(Exercise aim)
Reproduce the listing word for word, leaving every picture behind.

(Available data)
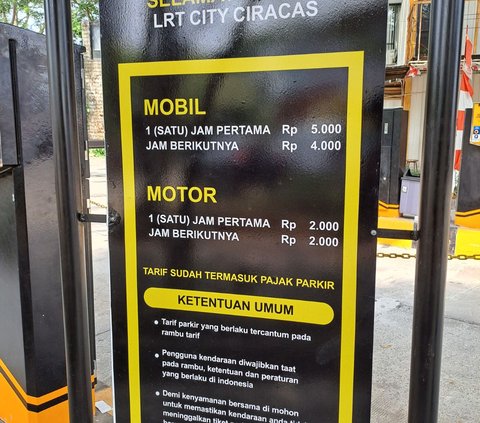 Hari Ini Masih Gratis, Segini Nantinya Tarif Parkir Motor di Stasiun LRT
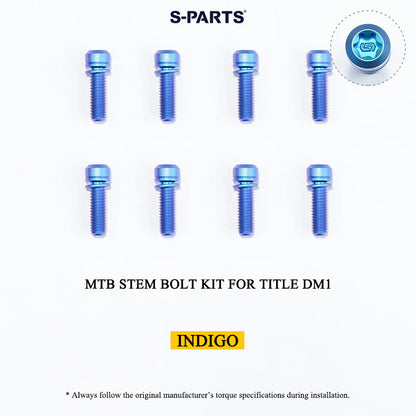 Grade 5 Titanium MTB Stem Bolt Kit for TITLE ST1/ST2/DM1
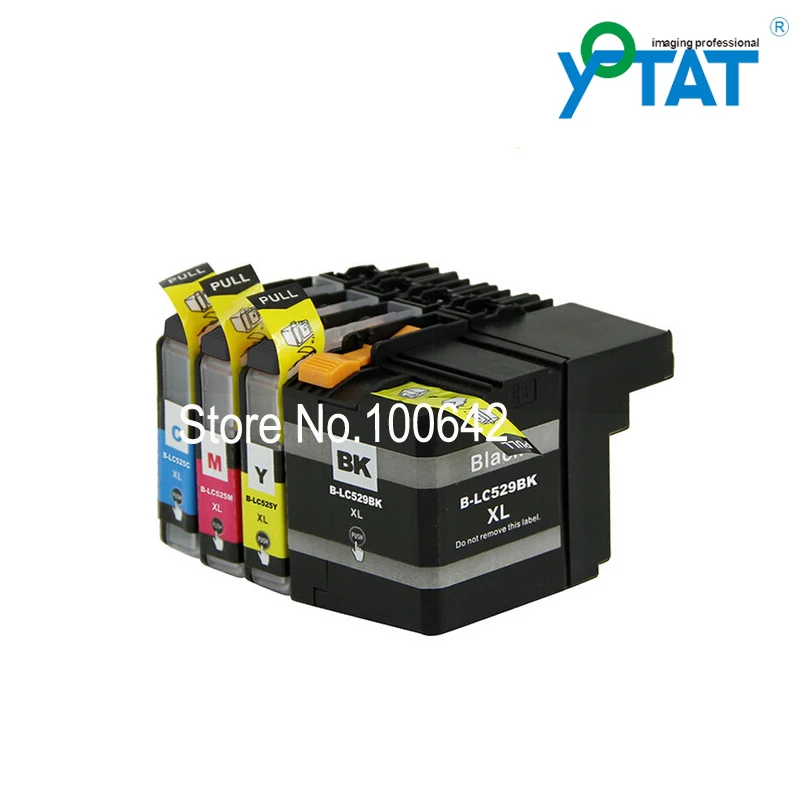 

YOTAT 1set Compatible LC529 LC525 ink cartridge LC529XL LC525XL for Brother DCP-J100 DCP-J105 MFC-J200 (Russia)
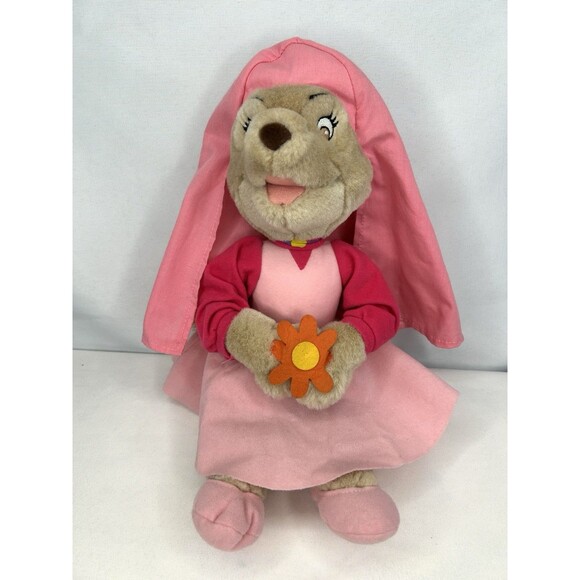 Vintage Disney Robin Hood Plush Stuffed Toy Maid Marian Large 14"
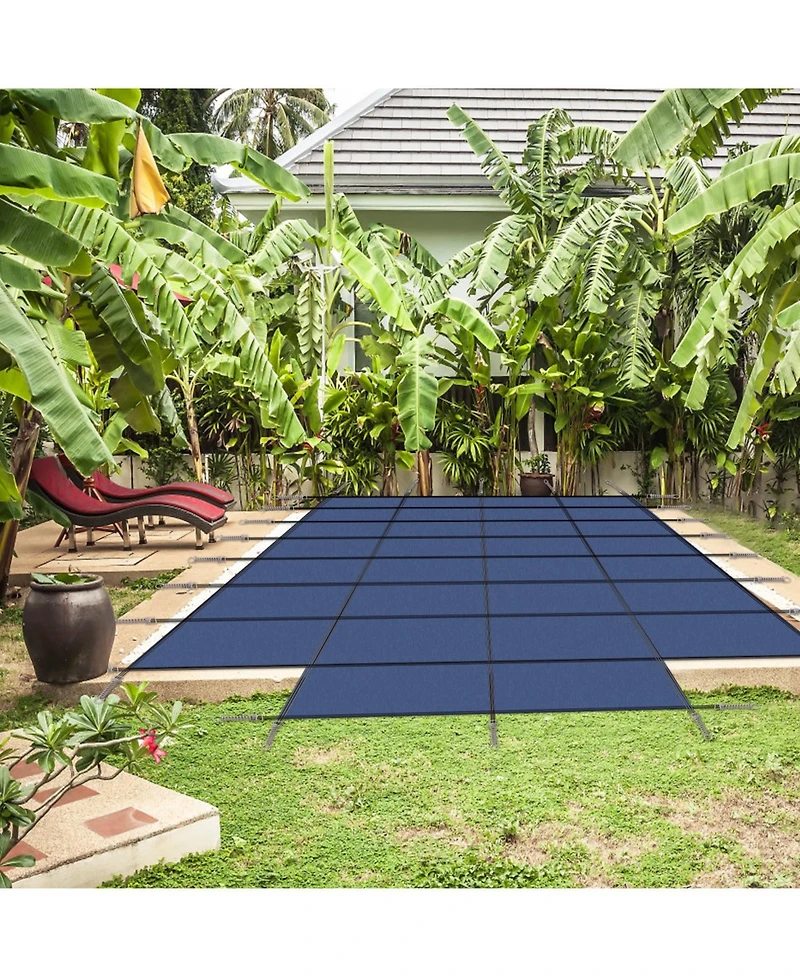 Pool Safety Cover for Rectangular Inground Pools (18x36ft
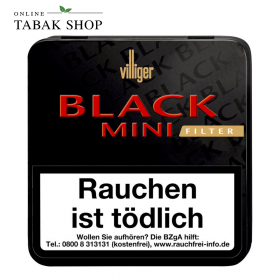VILLIGER Mini "Black" Filter Zigarillos (1x 20er) - 5,00 €
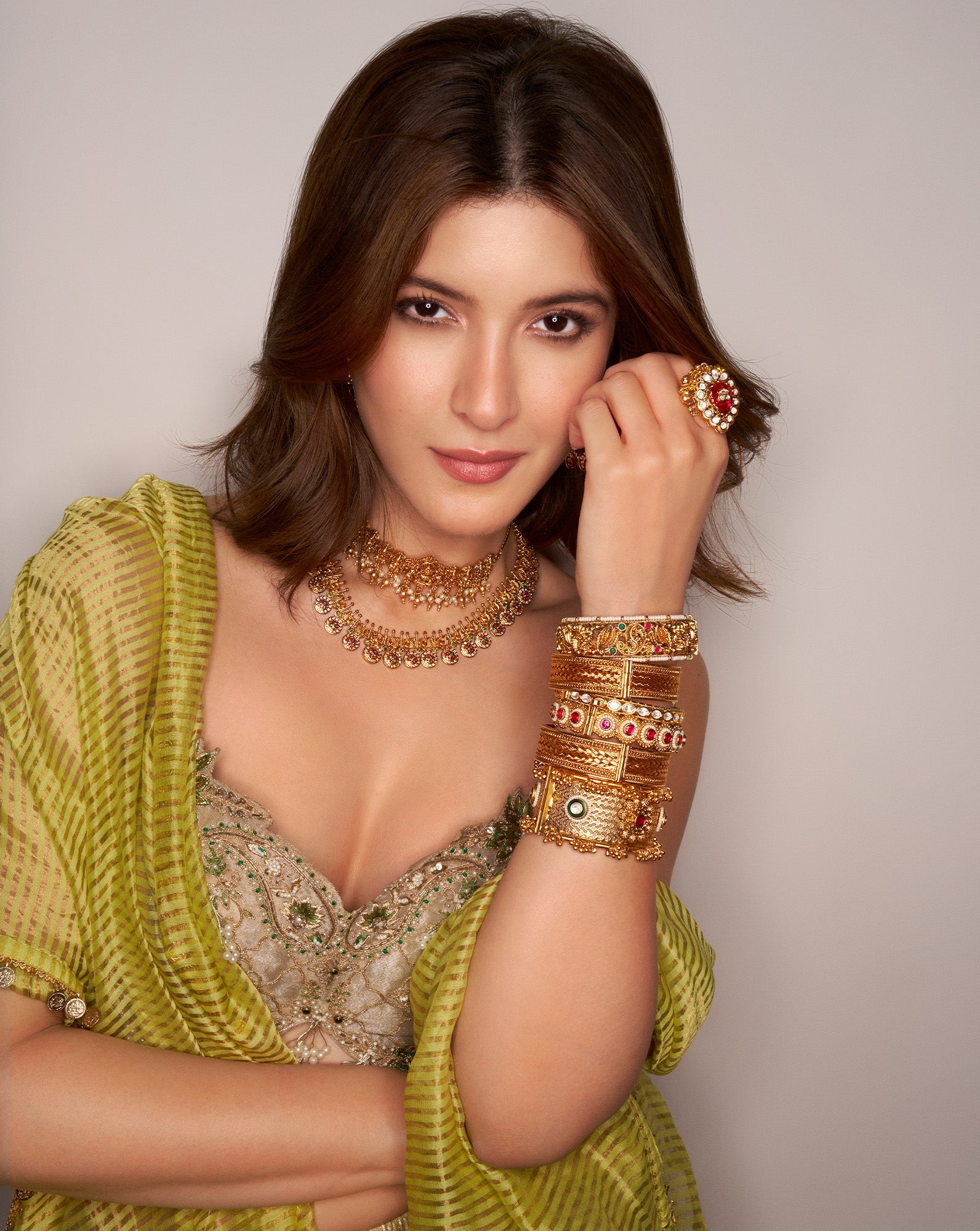Ruby Temple Bangle Set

(Result of the exercise)
 Hari Ini Masih Gratis, Segini Nantinya Tarif Parkir Motor di Stasiun LRT
 Grade 5 Titanium MTB Stem Bolt Kit for TITLE ST1/ST2/DM1

YOTAT 1set Compatible LC529 LC525 ink cartridge LC529XL LC525XL for Brother DCP-J100 DCP-J105 MFC-J200 (Russia)
 Vintage Disney Robin Hood Plush Stuffed Toy Maid Marian Large 14"
 Pool Safety Cover for Rectangular Inground Pools (18x36ft
VILLIGER Mini "Black" Filter Zigarillos (1x 20er) - 5,00 €
Ruby Temple Bangle Set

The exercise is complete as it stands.